Content starts

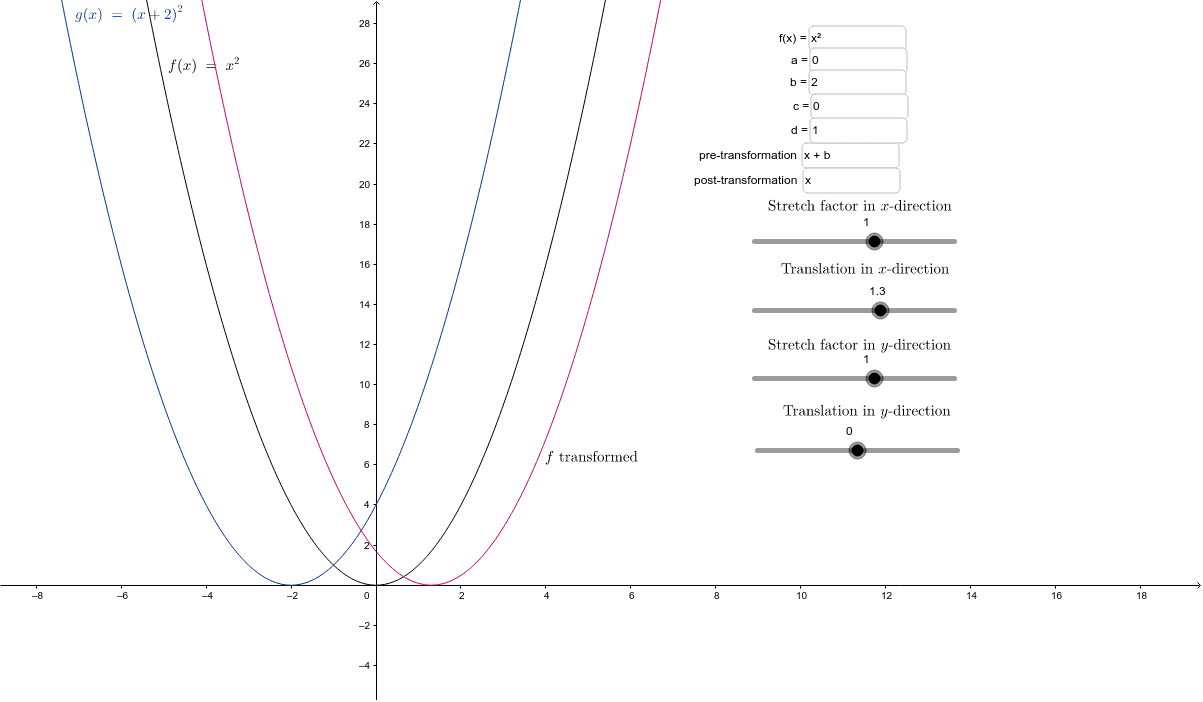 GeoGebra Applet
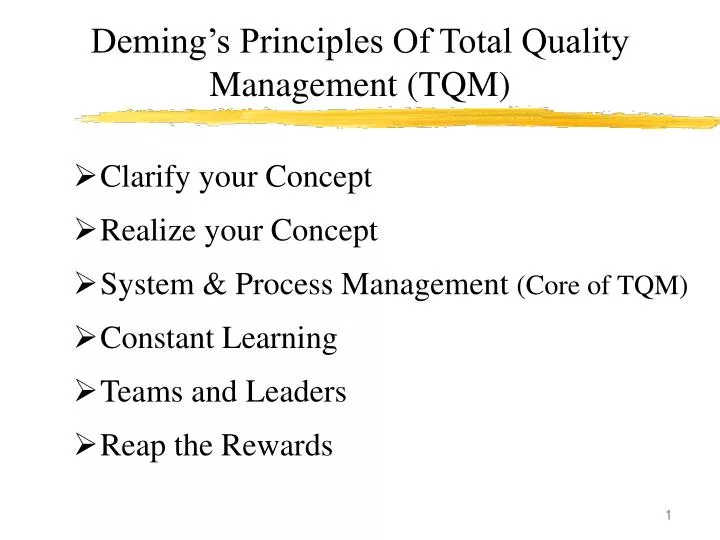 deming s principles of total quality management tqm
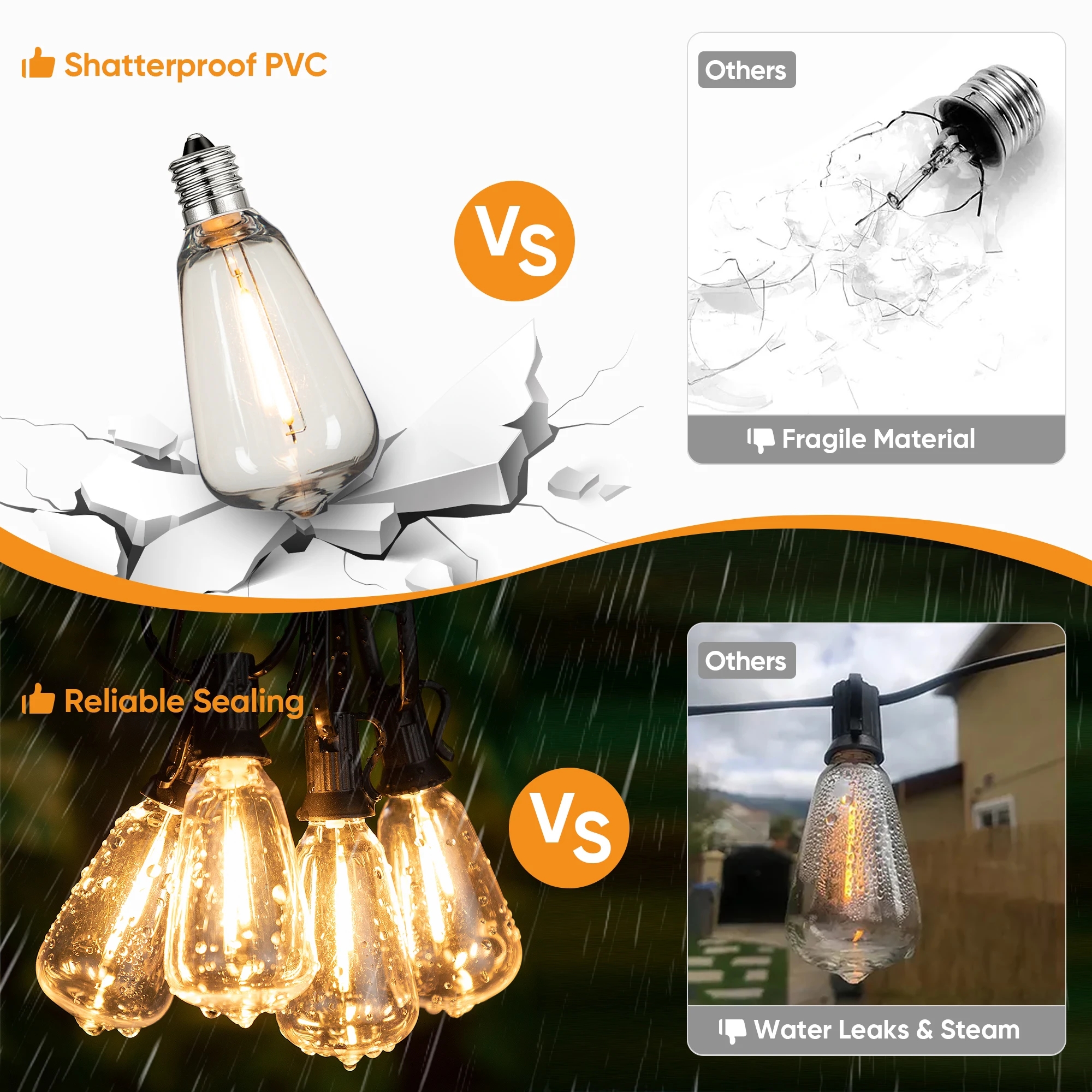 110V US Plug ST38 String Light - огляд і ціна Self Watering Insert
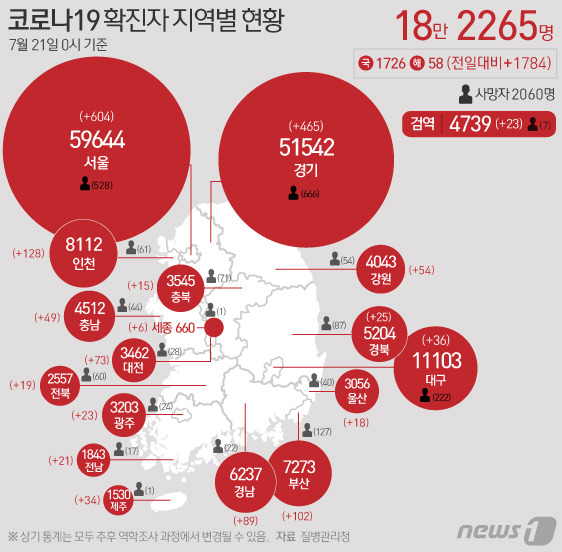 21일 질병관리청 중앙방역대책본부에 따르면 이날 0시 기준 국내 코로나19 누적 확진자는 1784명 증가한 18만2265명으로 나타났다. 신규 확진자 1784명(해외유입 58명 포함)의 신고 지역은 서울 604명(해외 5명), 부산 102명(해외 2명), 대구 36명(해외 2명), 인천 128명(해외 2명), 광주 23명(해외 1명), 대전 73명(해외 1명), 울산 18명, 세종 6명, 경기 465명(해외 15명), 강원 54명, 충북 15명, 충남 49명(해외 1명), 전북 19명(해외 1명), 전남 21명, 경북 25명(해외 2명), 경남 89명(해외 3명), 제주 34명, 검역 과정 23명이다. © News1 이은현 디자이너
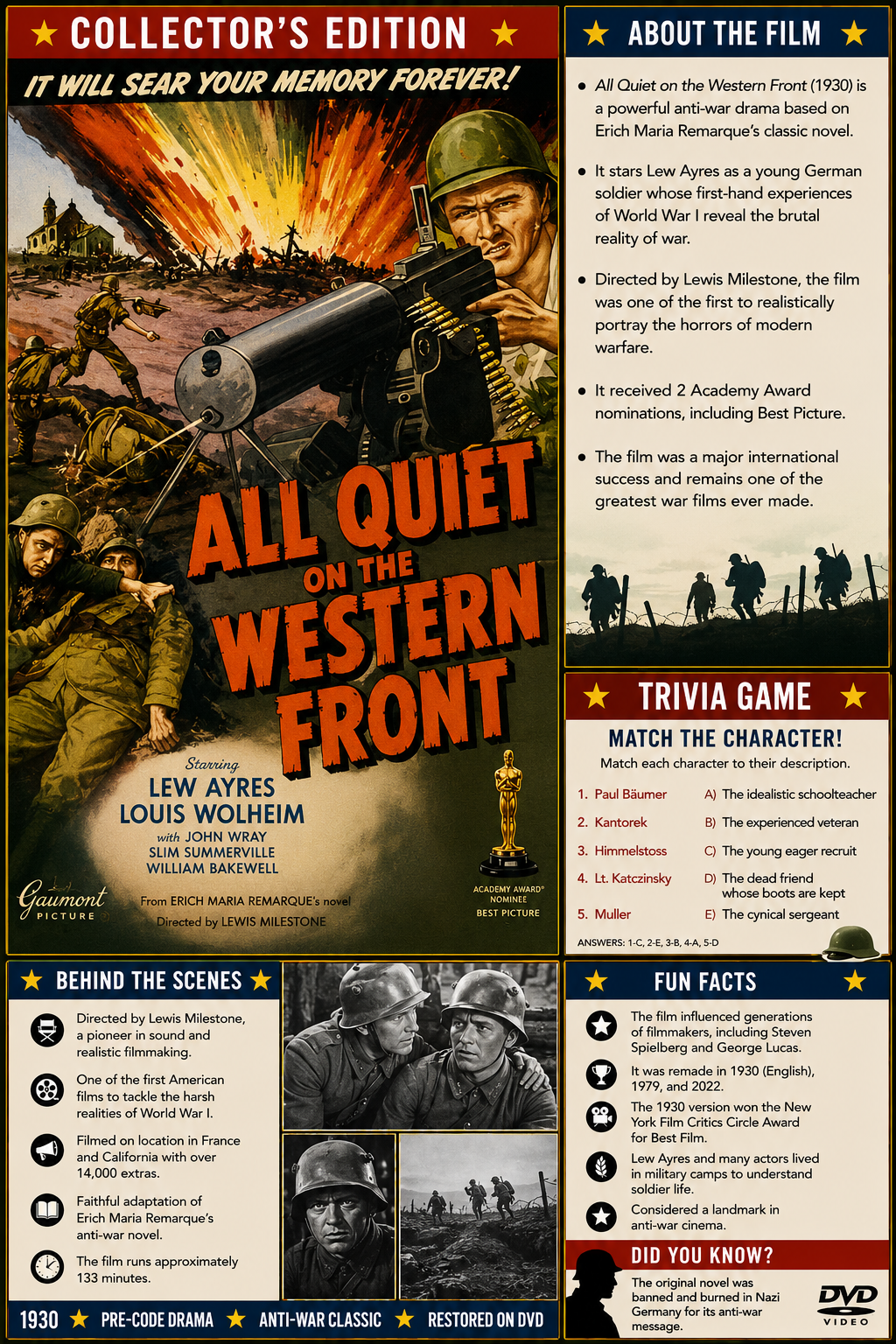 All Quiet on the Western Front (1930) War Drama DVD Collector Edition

Content ends

**WORK TO BE COMPLETED:**
Each entry above should be reproduced exactly, with the pictures removed.

**EXERCISE RESULT:**
 GeoGebra Applet
 deming s principles of total quality management tqm
 110V US Plug ST38 String Light - огляд і ціна Self Watering Insert
 21일 질병관리청 중앙방역대책본부에 따르면 이날 0시 기준 국내 코로나19 누적 확진자는 1784명 증가한 18만2265명으로 나타났다. 신규 확진자 1784명(해외유입 58명 포함)의 신고 지역은 서울 604명(해외 5명), 부산 102명(해외 2명), 대구 36명(해외 2명), 인천 128명(해외 2명), 광주 23명(해외 1명), 대전 73명(해외 1명), 울산 18명, 세종 6명, 경기 465명(해외 15명), 강원 54명, 충북 15명, 충남 49명(해외 1명), 전북 19명(해외 1명), 전남 21명, 경북 25명(해외 2명), 경남 89명(해외 3명), 제주 34명, 검역 과정 23명이다. © News1 이은현 디자이너
 All Quiet on the Western Front (1930) War Drama DVD Collector Edition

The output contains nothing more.